INFORMATION SHOWN:
<<<<

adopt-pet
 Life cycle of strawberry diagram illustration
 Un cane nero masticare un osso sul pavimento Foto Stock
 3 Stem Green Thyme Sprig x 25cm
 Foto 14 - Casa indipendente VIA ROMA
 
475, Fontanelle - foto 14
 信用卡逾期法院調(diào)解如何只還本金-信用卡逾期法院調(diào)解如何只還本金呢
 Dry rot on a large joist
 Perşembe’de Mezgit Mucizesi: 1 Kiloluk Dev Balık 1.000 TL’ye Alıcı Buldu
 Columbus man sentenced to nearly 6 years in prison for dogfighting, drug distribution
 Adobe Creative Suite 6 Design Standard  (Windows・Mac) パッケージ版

>>>>
<<<<

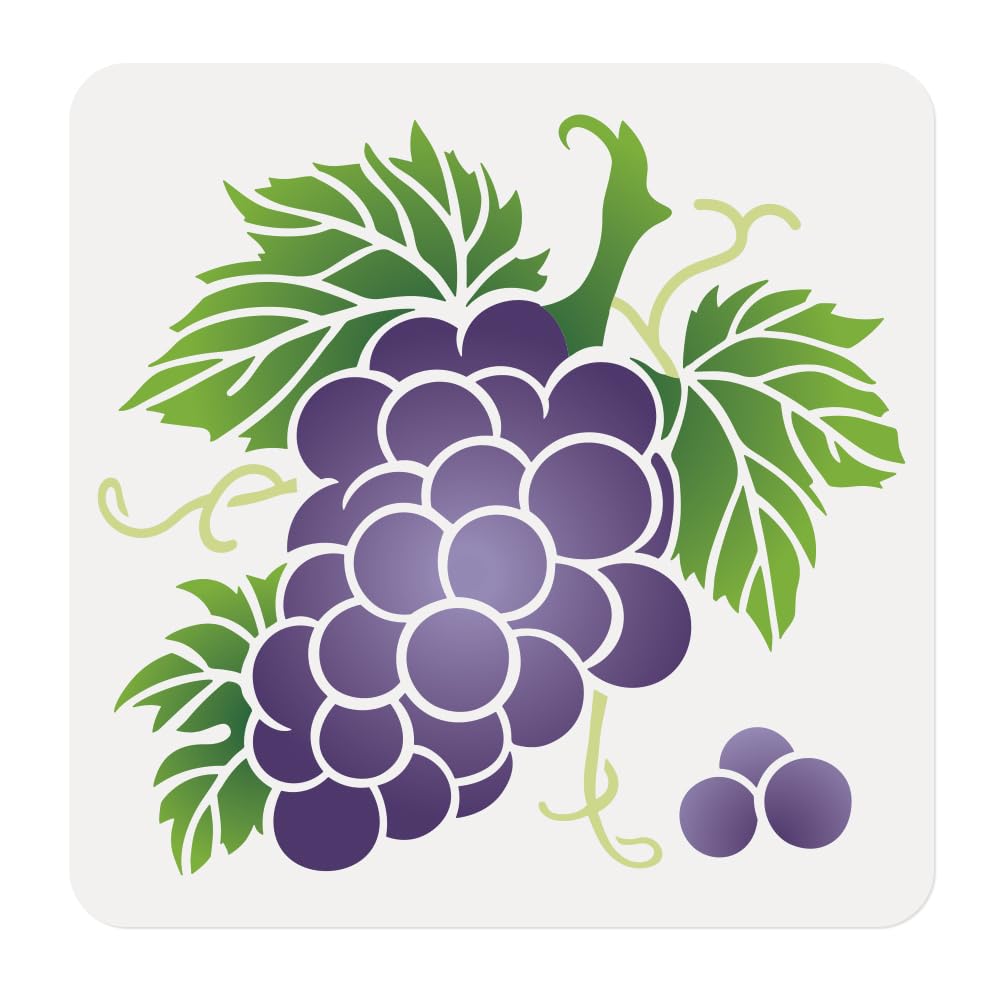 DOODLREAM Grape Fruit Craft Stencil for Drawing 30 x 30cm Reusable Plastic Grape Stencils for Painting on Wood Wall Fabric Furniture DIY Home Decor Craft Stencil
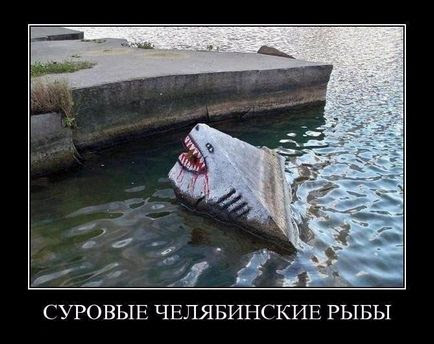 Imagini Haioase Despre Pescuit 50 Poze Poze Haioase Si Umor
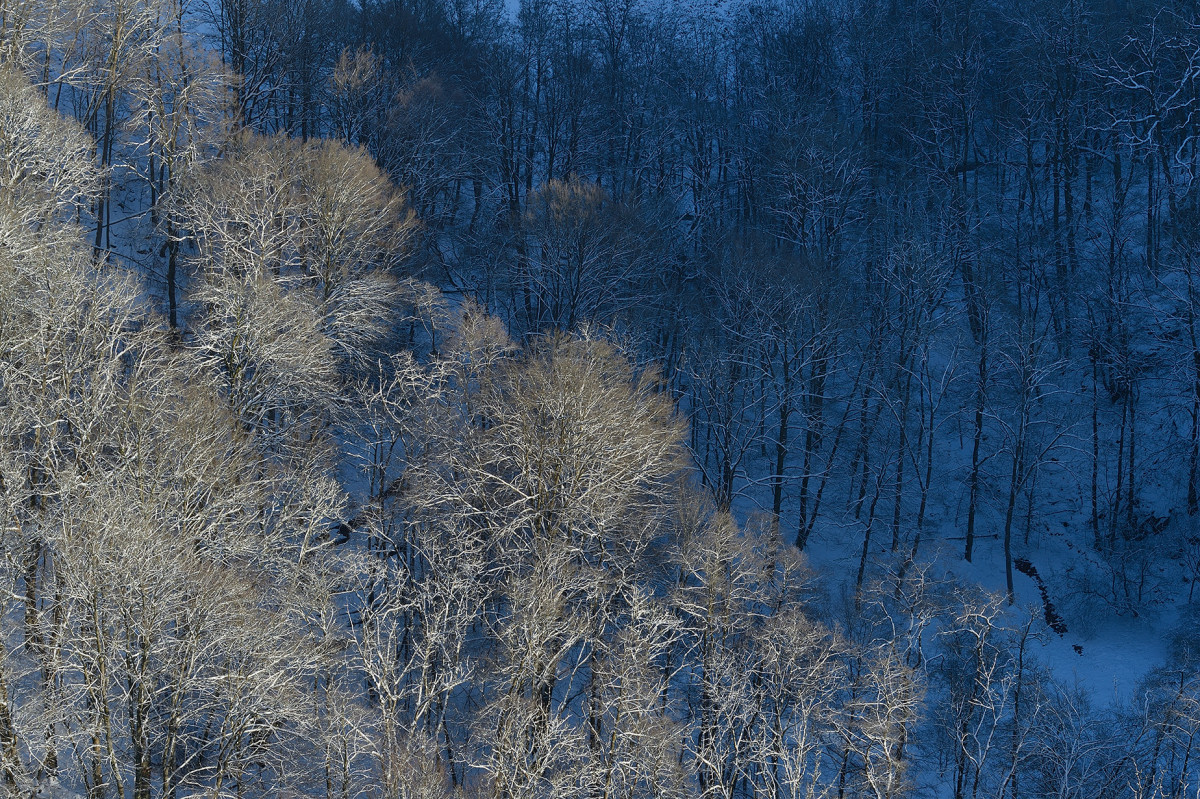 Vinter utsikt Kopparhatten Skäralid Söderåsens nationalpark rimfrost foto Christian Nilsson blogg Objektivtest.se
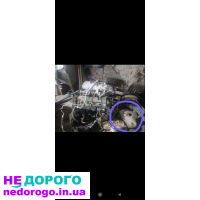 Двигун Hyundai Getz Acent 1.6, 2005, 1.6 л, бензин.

>>>>
<<<<

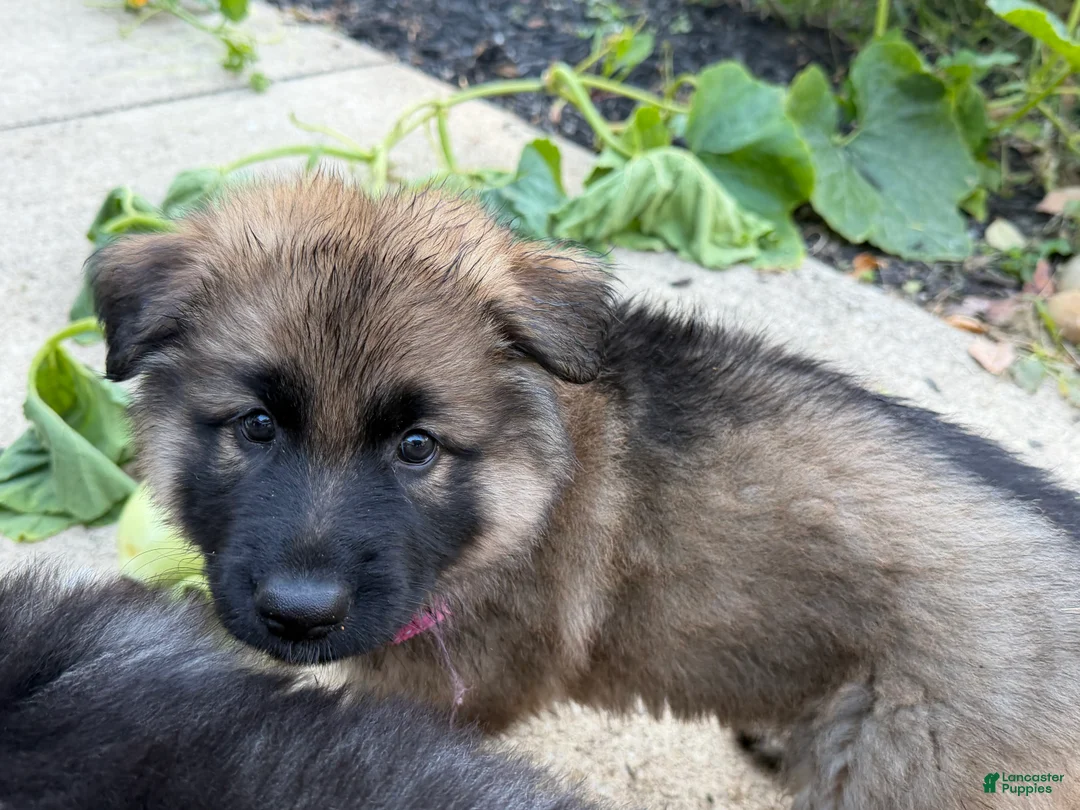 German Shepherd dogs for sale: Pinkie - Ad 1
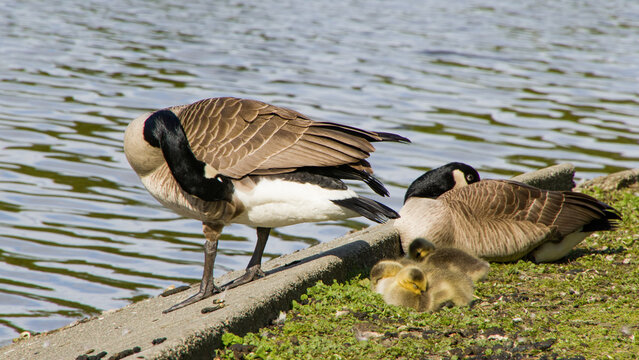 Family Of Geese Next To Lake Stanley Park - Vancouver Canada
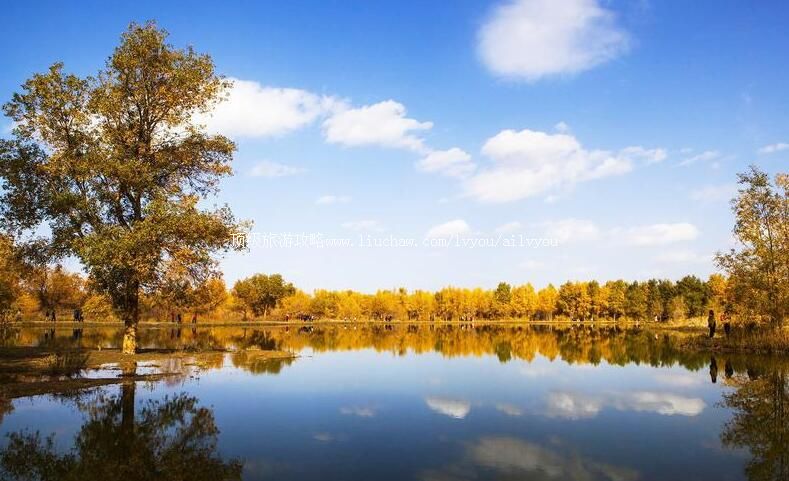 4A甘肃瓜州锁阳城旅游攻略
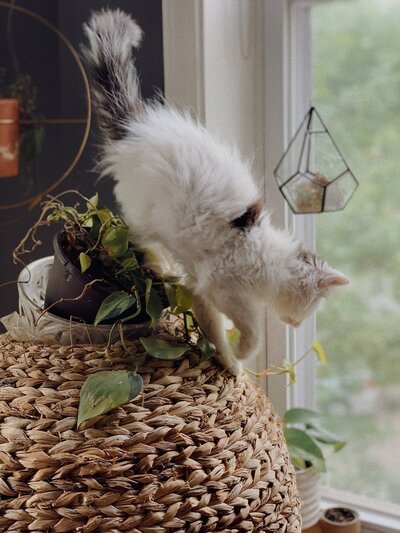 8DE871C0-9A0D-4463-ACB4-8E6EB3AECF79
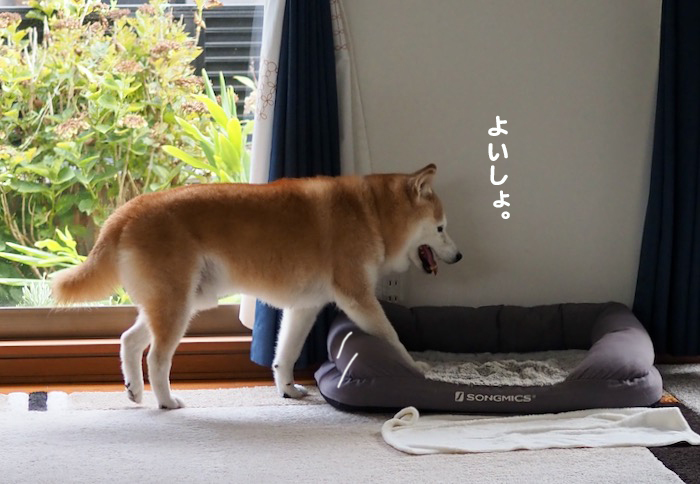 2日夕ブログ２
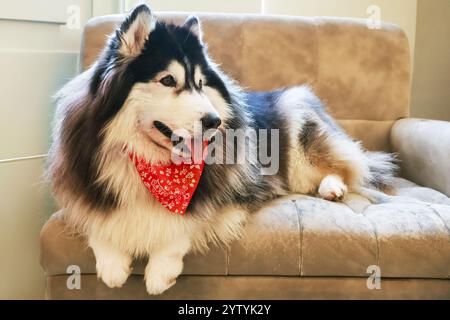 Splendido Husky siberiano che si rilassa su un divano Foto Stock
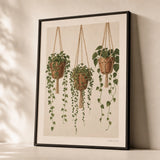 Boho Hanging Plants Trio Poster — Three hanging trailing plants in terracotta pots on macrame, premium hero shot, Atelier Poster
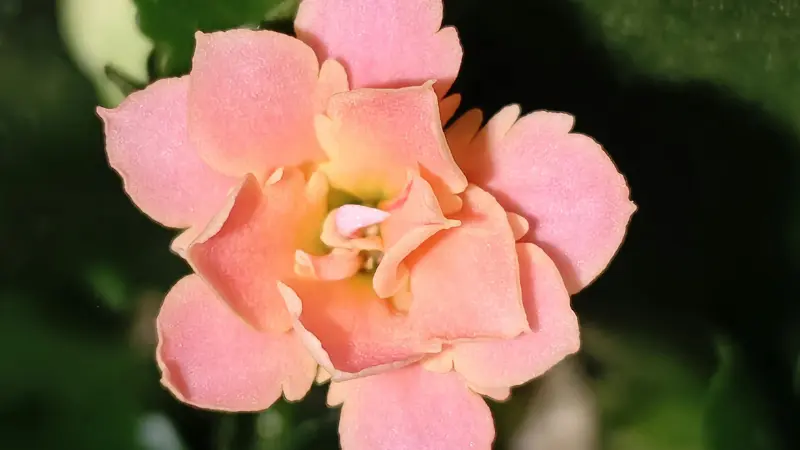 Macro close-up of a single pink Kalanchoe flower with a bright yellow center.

>>>>

THE PROBLEM: Return only the stretch of the material above from the line holding "Un cane nero" through the line holding "Adobe Creative Suite", copied exactly.

SOLUTION TO THIS TASK:
 Un cane nero masticare un osso sul pavimento Foto Stock
 3 Stem Green Thyme Sprig x 25cm
 Foto 14 - Casa indipendente VIA ROMA
 
475, Fontanelle - foto 14
 信用卡逾期法院調(diào)解如何只還本金-信用卡逾期法院調(diào)解如何只還本金呢
 Dry rot on a large joist
 Perşembe’de Mezgit Mucizesi: 1 Kiloluk Dev Balık 1.000 TL’ye Alıcı Buldu
 Columbus man sentenced to nearly 6 years in prison for dogfighting, drug distribution
 Adobe Creative Suite 6 Design Standard  (Windows・Mac) パッケージ版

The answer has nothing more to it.